Dataset sizes

1,188 views
Skip to first unread message

Shrikant Narasimhan

unread,
Jul 6, 2015, 1:36:25 PM7/6/15
to redash...@googlegroups.com
Hi,

What's the largest dataset size that can be returned and displayed, and subsequently downloaded as a CSV? Is this only constrained by the available memory on the server?

Thanks for a great piece of software!

Cheers,
shrikant

Eran Sandler

unread,
Jul 6, 2015, 1:42:26 PM7/6/15
to Shrikant Narasimhan, redash...@googlegroups.com

It's a combination of both server memory and browser memory as this data is loaded to the page.

You can obtain a query url with key that will generate a json and then you will only be constraint by the server memory but you will have to convert it to csv on your own.

Eran


--
You received this message because you are subscribed to the Google Groups "re:dash users" group.
To unsubscribe from this group and stop receiving emails from it, send an email to redash-users...@googlegroups.com.
For more options, visit https://groups.google.com/d/optout.

Arik Fraimovich

unread,
Jul 6, 2015, 2:54:55 PM7/6/15
to Eran Sandler, Shrikant Narasimhan, redash...@googlegroups.com

-- 
Arik Fraimovich

Eran Sandler

unread,
Jul 6, 2015, 2:55:46 PM7/6/15
to Arik Fraimovich, Shrikant Narasimhan, redash...@googlegroups.com

Cool. I wasn't aware of that :-)

Shrikant Narasimhan

unread,
Jul 7, 2015, 10:24:52 AM7/7/15
to redash...@googlegroups.com, er...@sandler.co.il, ar...@arikfr.com
The dataset resulting from the query is a pretty fat table of about 1.6 million rows and 80 odd mostly text columns. This works out to about 800 MB.

Thanks Arik -- the API returning a CSV directly seems like it will serve the purpose.

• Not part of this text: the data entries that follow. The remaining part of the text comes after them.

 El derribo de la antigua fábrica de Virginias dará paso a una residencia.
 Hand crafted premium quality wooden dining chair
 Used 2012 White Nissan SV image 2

Could you outline an approach I can use to allow users to export results of large queries directly instead of having the results displayed within Redash?

Regards,
Shrikant

Arik Fraimovich

unread,
Jul 12, 2015, 4:11:21 PM7/12/15
to Shrikant Narasimhan, redash...@googlegroups.com, Eran Sandler
It might be even larger in re:dash, due to the way we serialize data. I want to improve handling of large data sets, and somehow to allow "streaming" them from the source into our storage, but it never was high priority enough.

If you manage to query the data and store it using re:dash, then avoiding showing it in the UI should be relatively easy. We just need to add a flag to the query result indicating if it's a large data set (>100K rows?). In such cases we won't send the results automatically to the UI and just show some info about the results, and let the user download it.

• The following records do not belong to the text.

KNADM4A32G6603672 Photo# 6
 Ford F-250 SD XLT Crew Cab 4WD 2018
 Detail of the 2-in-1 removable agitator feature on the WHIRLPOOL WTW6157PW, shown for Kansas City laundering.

If you want to implement this, I can provide more elaborate details.

-- 
Arik Fraimovich

Shrikant Narasimhan

unread,
Jul 12, 2015, 4:17:02 PM7/12/15
to Redash...@googlegroups.com

Thanks Arik, I'd love to implement this. Could you provide additional details?

Cheers,
Shrikant

Arik Fraimovich

unread,
Jul 12, 2015, 4:24:14 PM7/12/15
to Shrikant Narasimhan, Redash...@googlegroups.com
Sure ! I'll review the needed changes, and send my suggestions on how to implement this.

It's night in my time zone, so it will be only tomorrow morning.

-- 
Arik Fraimovich

Arik Fraimovich

unread,
Jul 13, 2015, 1:29:50 AM7/13/15
to Shrikant Narasimhan, Redash...@googlegroups.com
All the query runners collect the results first, convert them to our results format and then serialize it to JSON.

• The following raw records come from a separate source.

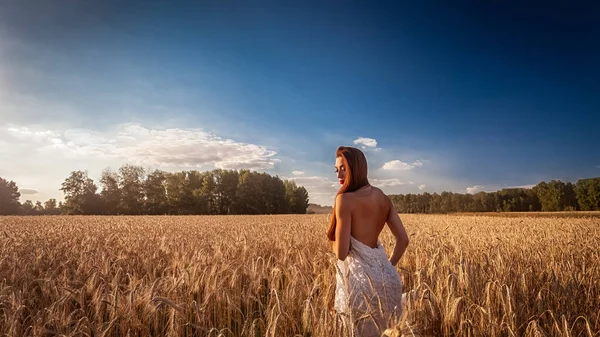 Jeune Femme Séduisante Sur Champ Été Photo Femme Brune Posant — Photo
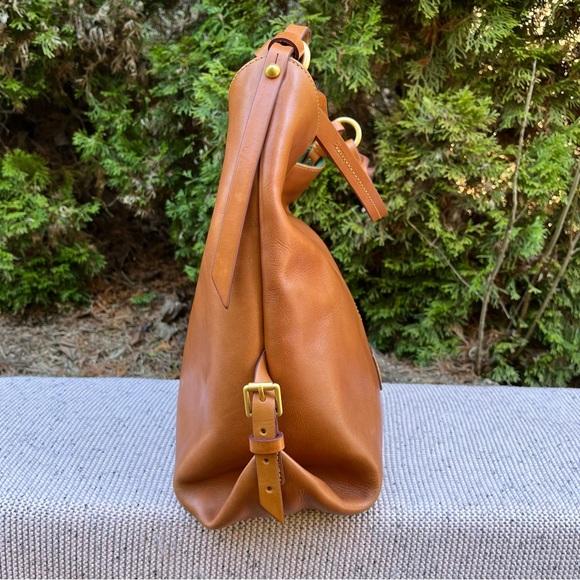 Dooney & Bourke Florentine Medium Leather Twist Sac Shoulder Bag in Natural - Picture 4 of 12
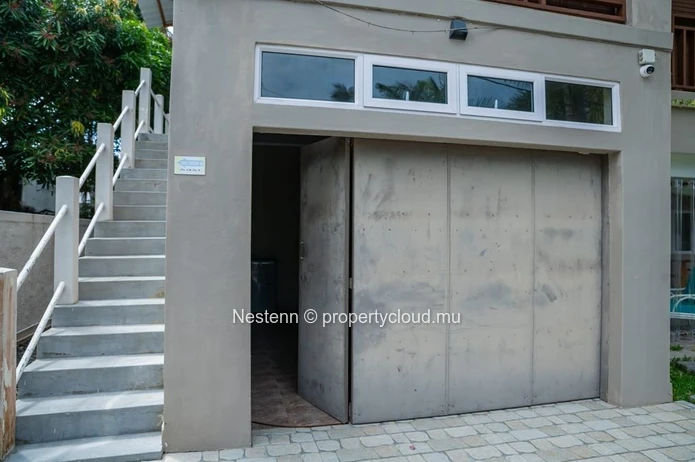 Vie en bord de mer spacieuse maison de 3 chambres avec véranda et espace vert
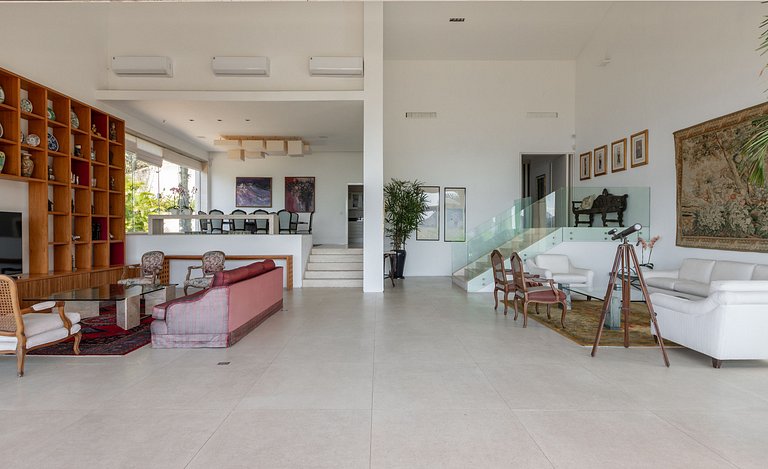 Hermosa villa con piscina en São Conrado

This has the following issues:
1. Our results format stores the column names with each row. For large data sets, this can result in significant overhead.
2. JSON is not a binary format, so this increases memory usage even more.
3. Collecting all the results means we need to keep them all in memory. And in this case we keep the unserialized and serialized versions in memory.

Ideally we would read a row from the source and write one to our storage. I'm not entirely sure if it's possible, it might be with Postgres's lobjects, but need to look more into it.
Another option is not to store large datasets in PostgreSQL, but rather on some filesystem (either the server's local, or something like S3).

What can be done without much changes is to change the results format to store rows without the column headers. On the backend is straightforward, while it will require some changes in the client side, which should be done in a backward compatible way.

Next issue to tackle is to avoid choking the UI with huge result sets. We need to change the backend to detect large datasets (for example with rowcount method of the cursor for DB-API based sources), and treat them differently;

1. Keep a flag on query_results object that indicates it has large dataset.
2. Store the results in a different way -- either different table (the easiest), or lobject or filesystem.

Next when requesting from the API the results, you will get the query result object along with the flag indicating that this is a big dataset, and results should be queried with additional API call.

This is sort of a brain dump, so probably not so clear. Please feel free to follow up with questions.

-- 
Arik Fraimovich

Arik Fraimovich

unread,
Jul 13, 2015, 10:30:48 AM7/13/15
to Shrikant Narasimhan, Redash...@googlegroups.com
Gave it some more thought and it might be easier to have the data of a query returned on a separate API call for all queries, and not only the large ones. This will make the logic simpler, and will require less changes.

You will only need to change a bit the queries APIs and add another field that indicates # of rows returned, based on which the UI can decide if to automatically load the data or not.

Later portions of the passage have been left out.